Z Niemcami nie jest tak prosto
Nie skrywają faktu i pomysłu likwidacji do ok. 2022 roku wszystkich elektrowni atomowych, to oficjalny program polityczny.
Tymczasem niemiecki rząd przymierza się do przedłużenia życia niemieckim elektrowniom atomowym do 2050 roku.
Co z tego wyjdzie to się okaże, w Niemczech jest silny ruch ekologiczny przeciw energetyce jądrowej wspierany przez partie Bundestagu.
Sam pomysł pojawił się 10 lat temu, za rządów koalicji SPD i Zielonych - partie postanowiły, że mniej więcej do 2020 r. zamkną wszystkie elektrownie atomowe w Niemczech.

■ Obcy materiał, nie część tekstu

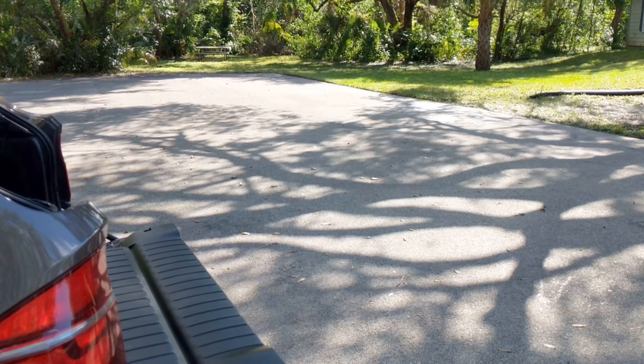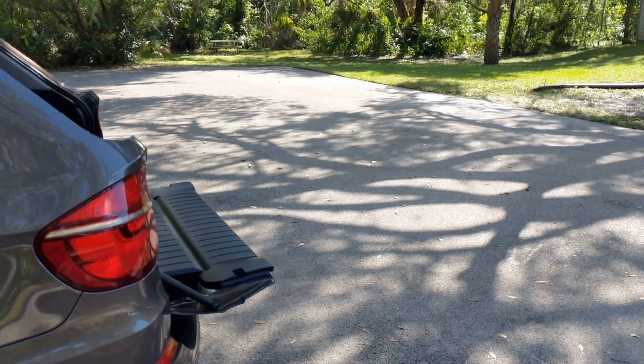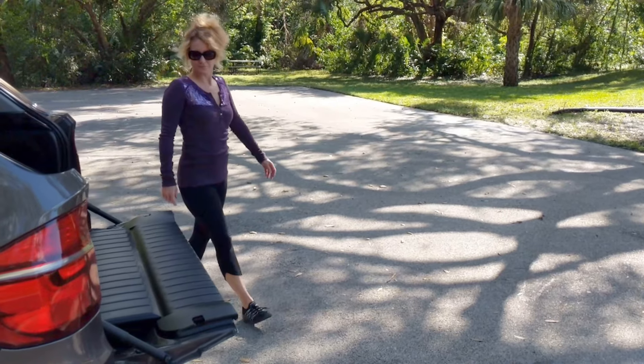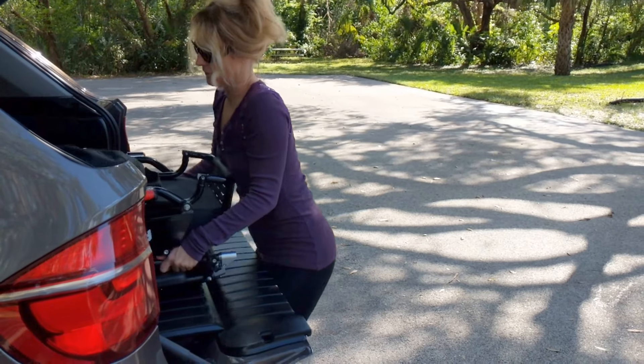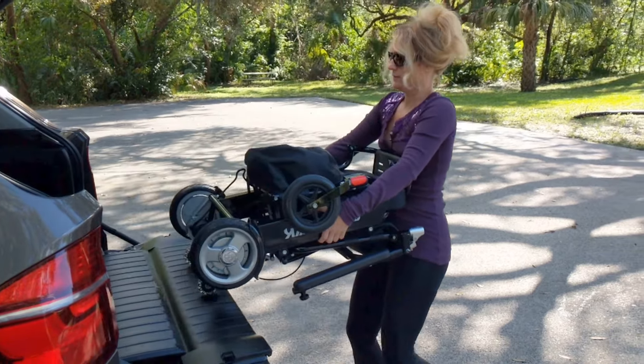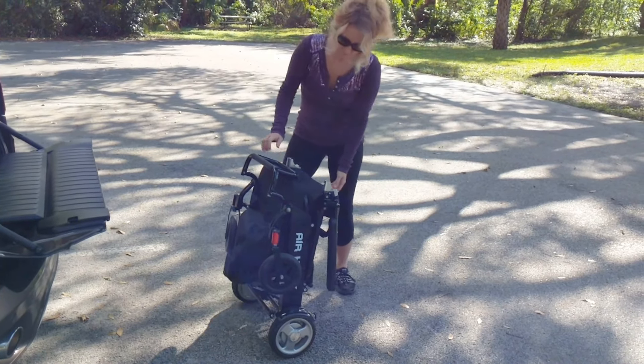In this video we're going to show you how even a petite female can easily unload the Airhawk power folding wheelchair. There we go, very easily taking it out of the back of a sport utility vehicle.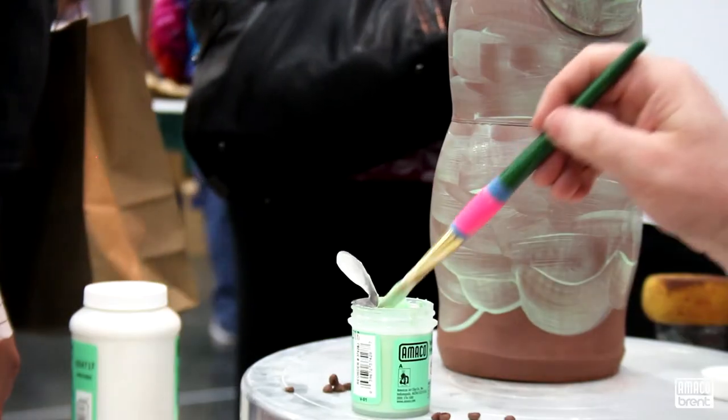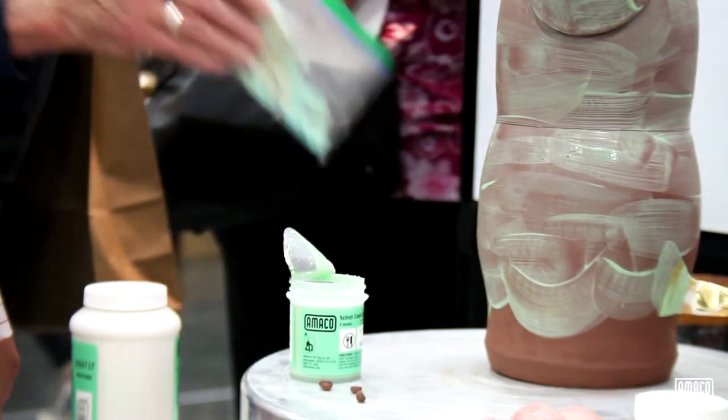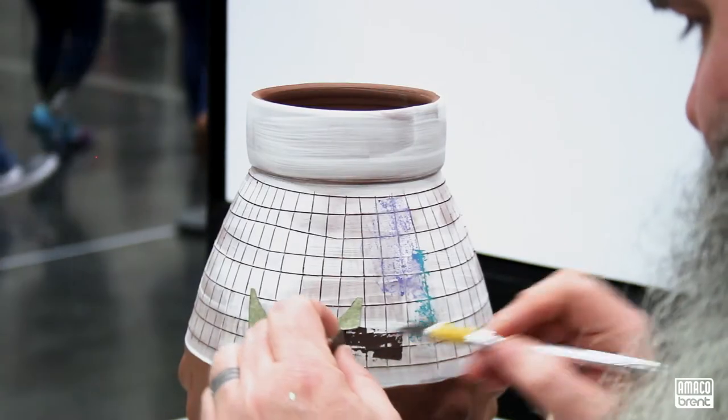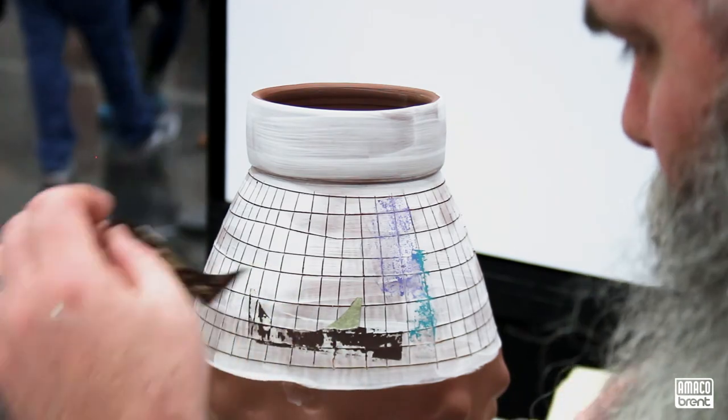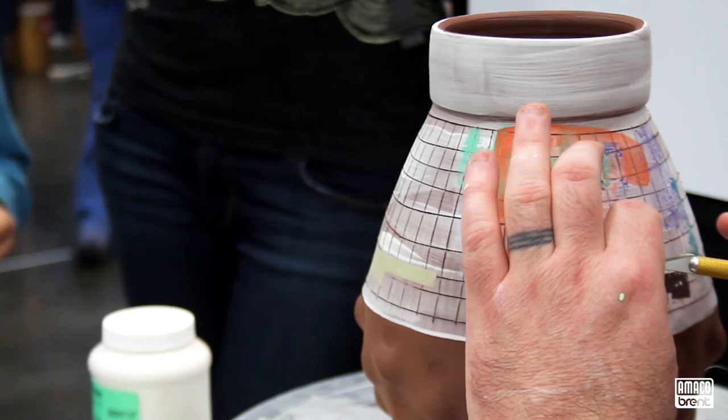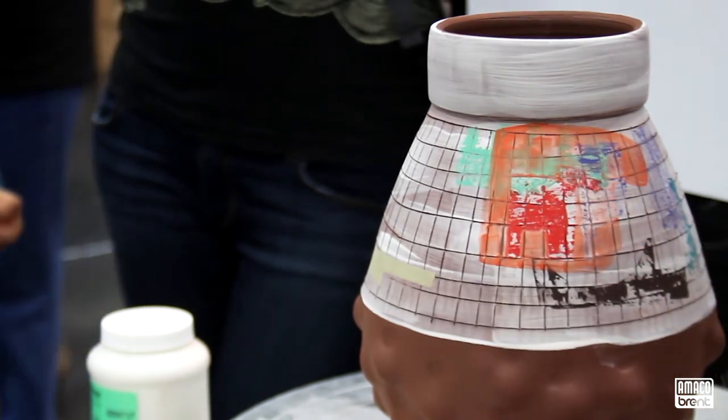Hi, I'm Mark Errol. I use all the velvet underglazes. I use them for sgraffito. I use them for transfers. I use them as watercolors. I love their diversity in application for all stages of the pots. I even use them overglazes when I'm teaching my students as well.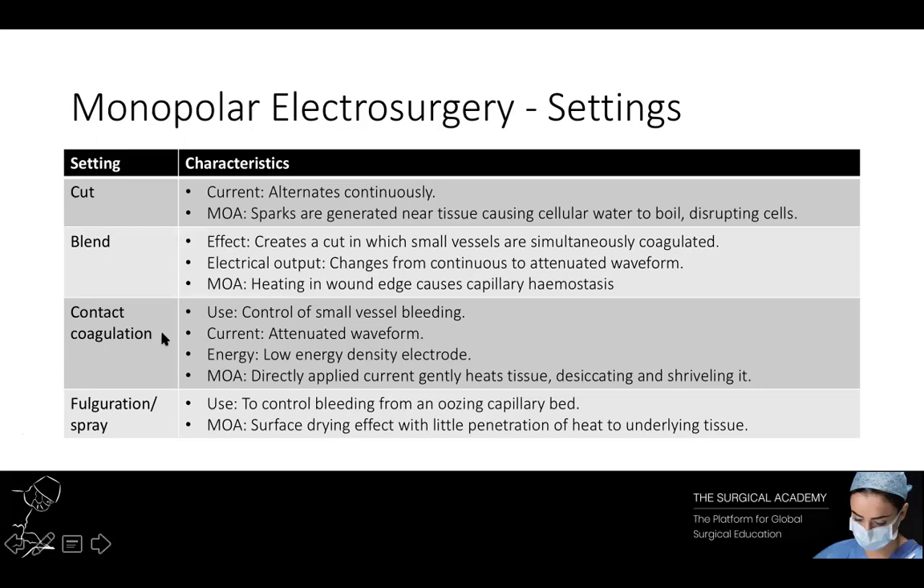Contact coagulation is used for controlling small vessel bleeding. The surgeon selects the blue coagulation switch, which in some generators may be called desiccation or soft coagulation. The current output is an attenuated waveform similar to that for the blended output. Select a low energy density electrode. It is important that the electrode is in contact with the vessel to be coagulated before turning on the generator — this avoids an open circuit and sparking. The directly applied current gently heats the tissue, desiccating and shrivelling it, achieving haemostasis by coagulation of the vessel. If too much power is applied, the tissue will char, stick to the electrode and pull away without controlling the bleeding. As an alternative, the flat of a blade or a ball electrode can be placed over a bleeding point to desiccate it.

Politycy przekonywali wówczas, powołując się na przykład Czarnobyla, że atom jest zbyt niebezpieczny dla środowiska. Energetykę atomową miał zastąpić rozwój elektrowni wiatrowych i słonecznych. Cały program ochrzczono mianem "Wyjście z atomu".
Strategia zmieniła się we wrześniu 2009 r., gdy władzę przejęła koalicja CDU i FDP, partii związanych z kręgami gospodarczymi i przychylnych energetyce atomowej.

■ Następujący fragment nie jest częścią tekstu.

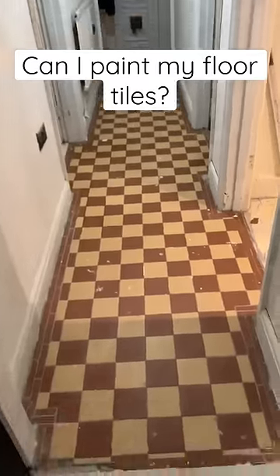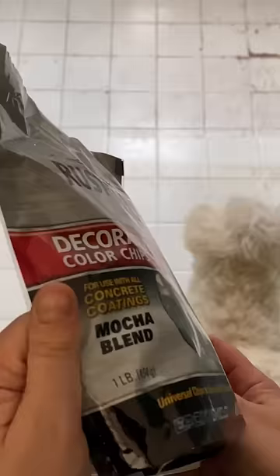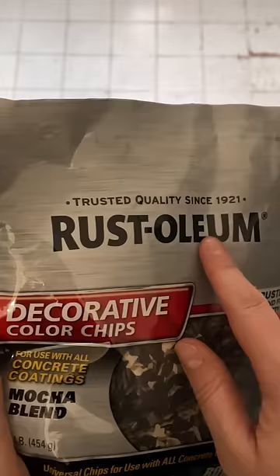Can I paint my floor tiles? Yes, you can. So a year ago, I primed my tiles with this Rust-Oleum paint, and then a year later, I finally got around to finishing it with these Rust-Oleum decorative chips in a mocha blend, and I used foam rollers for this job with a pole.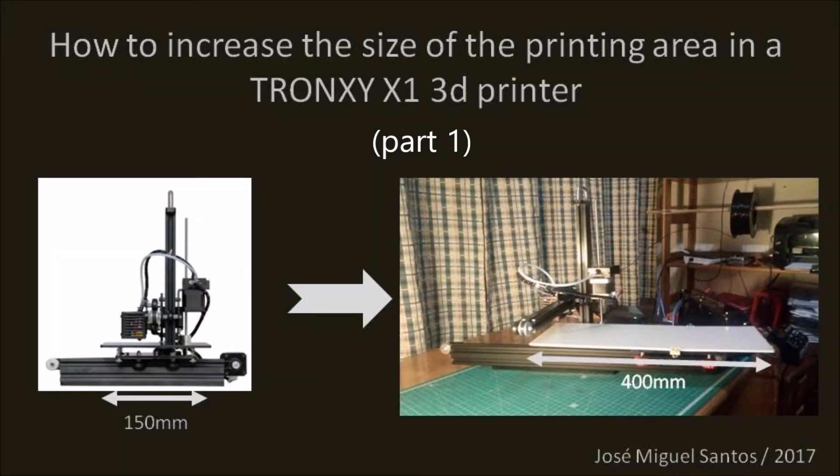Hello everybody! In this video I will show you how I have increased the Y axis of my Tron XY X1 3D printer from the 150mm original size to 400mm length.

Według ujawnionych dokumentów partie planują kilka wariantów przedłużenia reaktorom życia. Najambitniejszy z nich przewiduje, że ostatnia elektrownia atomowa będzie zamknięta dopiero w 2050 r.!
Skąd ta wolta? Kiedy rząd Gerharda Schrödera podejmował decyzję o zamknięciu atomówek do 2022 r. zakładano, ze wtedy kraj będzie już zasilany ze źródeł odnawialnych, a także z elektrowni gazowych i węglowych, które nie będą emitować dwutlenku węgla.
Ale to okazało się to nierealne: wciąż nie wiadomo kiedy będzie gotowa technologia CCS, umożliwiająca wychwytywanie i składowanie dwutlenku węgla pod ziemią (albo pod dnem morza). Co gorsza, już od 2013 r. zgodnie z unijnym pakietem klimatyczno-energetycznym elektrownie gazowe i węglowe będą musiały kupować uprawnienia do emisji dwutlenku węgla. Według prognoz Komisji Europejskiej cena emisji jednej tony dwutlenku węgla sięgnie 60 euro. A ponieważ elektrownie atomowe płacić nie będą musiały - bo dwutlenku węgla nie emitują - rząd będzie miał gwarancję, że cena prądu w Niemczech nie poszybuje pod sufit.
z -
http://wyborcza.biz/biznes/1,101562,770 ... 0_lat.html
Co ciekawe Niemcy protestują także przeciw energetyce węglowej.
Podobny program rezygnacji z atomówek miały Włochy, ale się z niego wycofały, z planów rezygnacji z energetyki jądrowej wycofali się także Szwedzi.
A Niemcy? Mimo decyzji politycznych zmieniających się partii .... budują 2 nowe elektrownie jądrowe. W całej Europie do 2050 r. ma ich powstać ok. 45 sztuk.
Jest jeszcze jeden niuans - likwiduje się wyslużone elektrownie w starych technologiach, a buduje nowe o większym poziomie bezpieczeństwa.
Ciągle jednak pozostaje problem - skąd brać energię?